__Collection entries__:
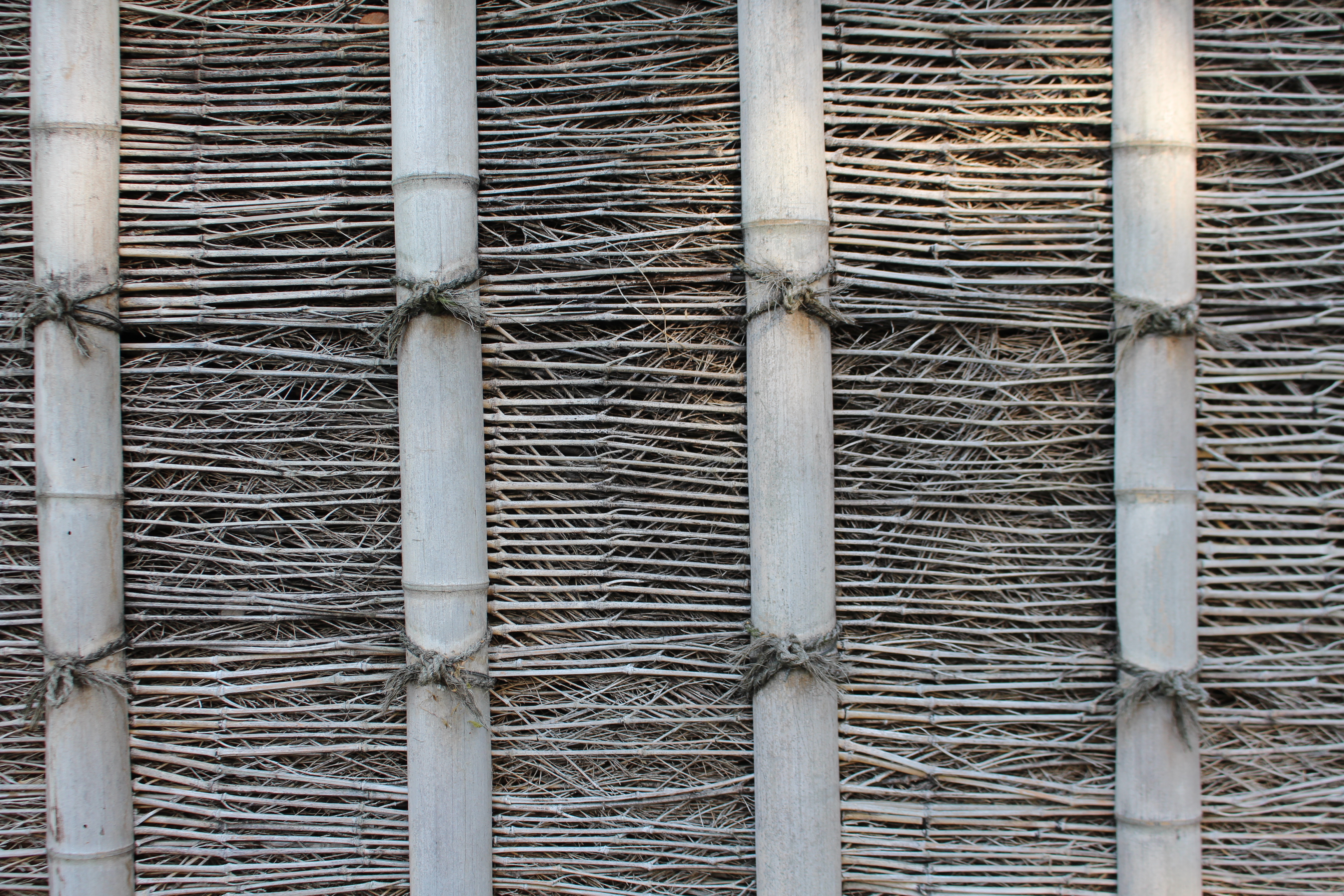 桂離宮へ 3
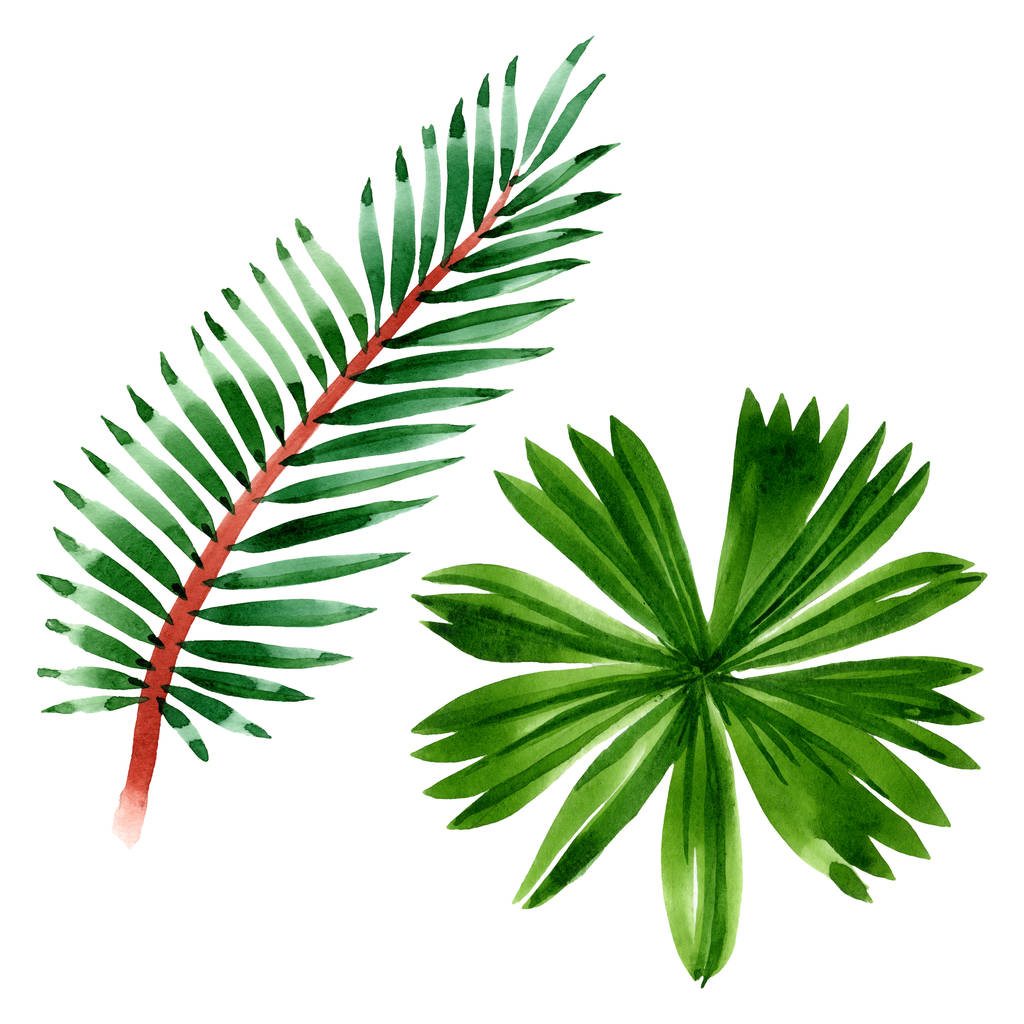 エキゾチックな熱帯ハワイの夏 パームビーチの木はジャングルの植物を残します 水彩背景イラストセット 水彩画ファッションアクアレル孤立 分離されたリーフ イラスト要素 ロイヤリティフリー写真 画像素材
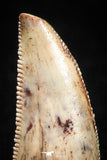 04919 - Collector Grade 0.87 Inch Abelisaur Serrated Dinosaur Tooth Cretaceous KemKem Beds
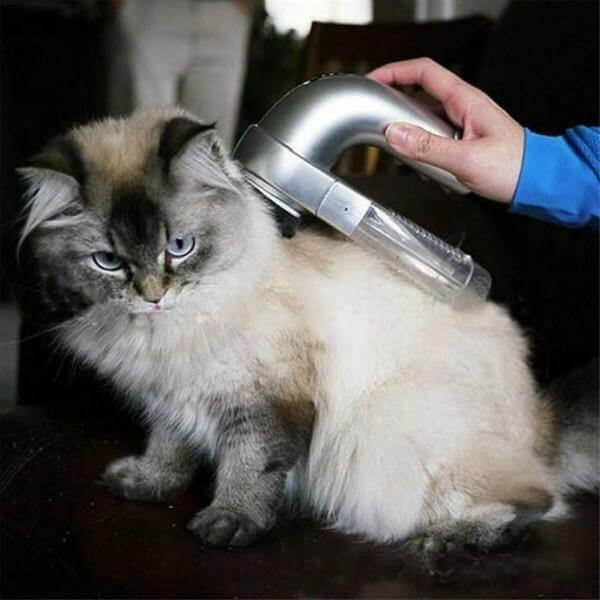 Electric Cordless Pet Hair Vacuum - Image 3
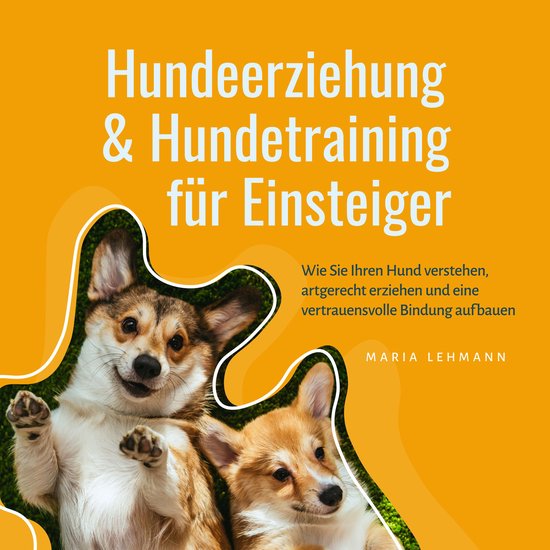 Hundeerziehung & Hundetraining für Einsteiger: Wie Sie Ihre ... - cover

__Task requirements__: The records above should be retyped in full and exactly; omit the pictures.

__Response__:
 桂離宮へ 3
 エキゾチックな熱帯ハワイの夏 パームビーチの木はジャングルの植物を残します 水彩背景イラストセット 水彩画ファッションアクアレル孤立 分離されたリーフ イラスト要素 ロイヤリティフリー写真 画像素材
 04919 - Collector Grade 0.87 Inch Abelisaur Serrated Dinosaur Tooth Cretaceous KemKem Beds
 Electric Cordless Pet Hair Vacuum - Image 3
 Hundeerziehung & Hundetraining für Einsteiger: Wie Sie Ihre ... - cover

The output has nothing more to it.